[Data extract]

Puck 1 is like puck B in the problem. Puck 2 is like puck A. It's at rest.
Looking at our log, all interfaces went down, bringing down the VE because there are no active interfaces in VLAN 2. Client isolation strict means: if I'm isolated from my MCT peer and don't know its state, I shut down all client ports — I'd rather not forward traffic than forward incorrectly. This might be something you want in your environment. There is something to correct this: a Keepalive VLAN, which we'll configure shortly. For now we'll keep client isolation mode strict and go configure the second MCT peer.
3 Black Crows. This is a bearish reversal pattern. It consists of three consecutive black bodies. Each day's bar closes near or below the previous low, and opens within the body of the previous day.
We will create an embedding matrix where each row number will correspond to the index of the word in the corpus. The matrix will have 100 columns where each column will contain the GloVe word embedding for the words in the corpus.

[/Data extract]
[Data extract]

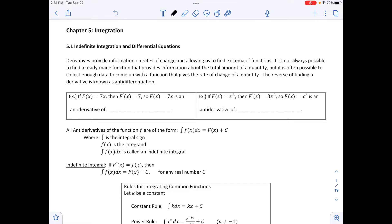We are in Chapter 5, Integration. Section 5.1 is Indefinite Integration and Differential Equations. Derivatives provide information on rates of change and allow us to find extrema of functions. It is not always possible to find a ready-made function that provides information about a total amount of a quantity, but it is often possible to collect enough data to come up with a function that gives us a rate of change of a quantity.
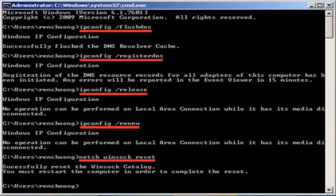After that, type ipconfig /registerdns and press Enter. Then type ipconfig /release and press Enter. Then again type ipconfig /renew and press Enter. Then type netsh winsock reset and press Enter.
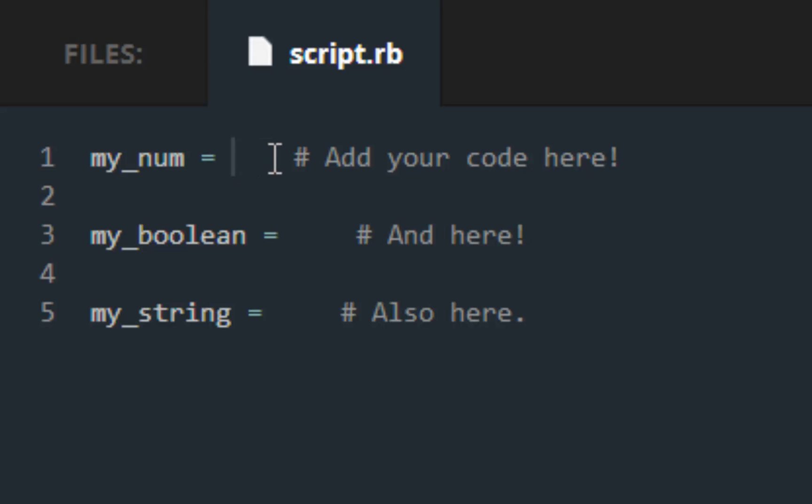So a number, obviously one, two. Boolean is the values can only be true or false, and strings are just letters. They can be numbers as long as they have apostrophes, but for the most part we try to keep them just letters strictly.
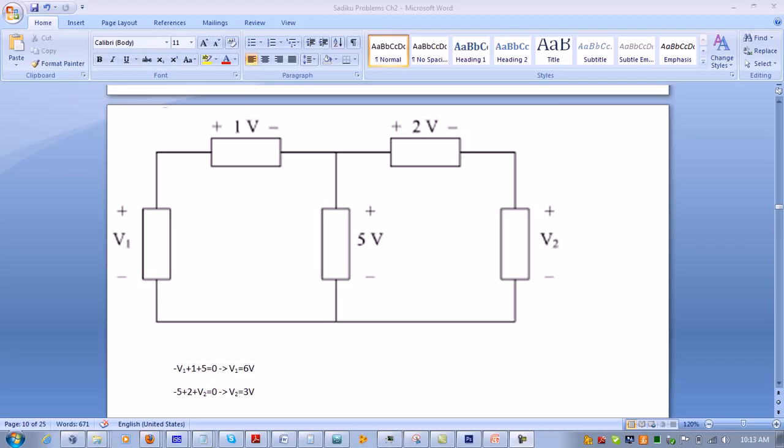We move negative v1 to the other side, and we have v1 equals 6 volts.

[/Data extract]
[Data extract]

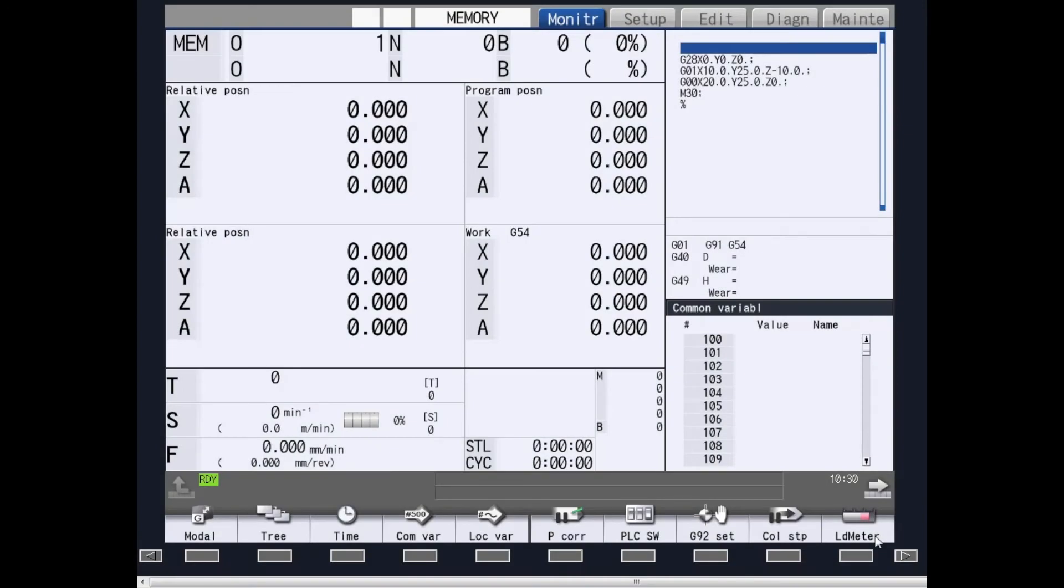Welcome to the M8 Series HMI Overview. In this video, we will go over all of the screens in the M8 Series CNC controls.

[/Data extract]

- _Task statement_: Given the records above, reproduce precisely and only the lines between the line holding "Puck 1 is like" and the line holding "We will create", inclusive.

- _Problem solution_:
Puck 1 is like puck B in the problem. Puck 2 is like puck A. It's at rest.
Looking at our log, all interfaces went down, bringing down the VE because there are no active interfaces in VLAN 2. Client isolation strict means: if I'm isolated from my MCT peer and don't know its state, I shut down all client ports — I'd rather not forward traffic than forward incorrectly. This might be something you want in your environment. There is something to correct this: a Keepalive VLAN, which we'll configure shortly. For now we'll keep client isolation mode strict and go configure the second MCT peer.
3 Black Crows. This is a bearish reversal pattern. It consists of three consecutive black bodies. Each day's bar closes near or below the previous low, and opens within the body of the previous day.
We will create an embedding matrix where each row number will correspond to the index of the word in the corpus. The matrix will have 100 columns where each column will contain the GloVe word embedding for the words in the corpus.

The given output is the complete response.